### SOURCE MATERIAL
※
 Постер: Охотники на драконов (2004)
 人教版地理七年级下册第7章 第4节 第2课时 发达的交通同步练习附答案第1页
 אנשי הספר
※
### WHAT THE EXERCISE ASKS
From the first line to the last, reproduce the data exactly.

### TASK RESPONSE
 Постер: Охотники на драконов (2004)
 人教版地理七年级下册第7章 第4节 第2课时 发达的交通同步练习附答案第1页
 אנשי הספר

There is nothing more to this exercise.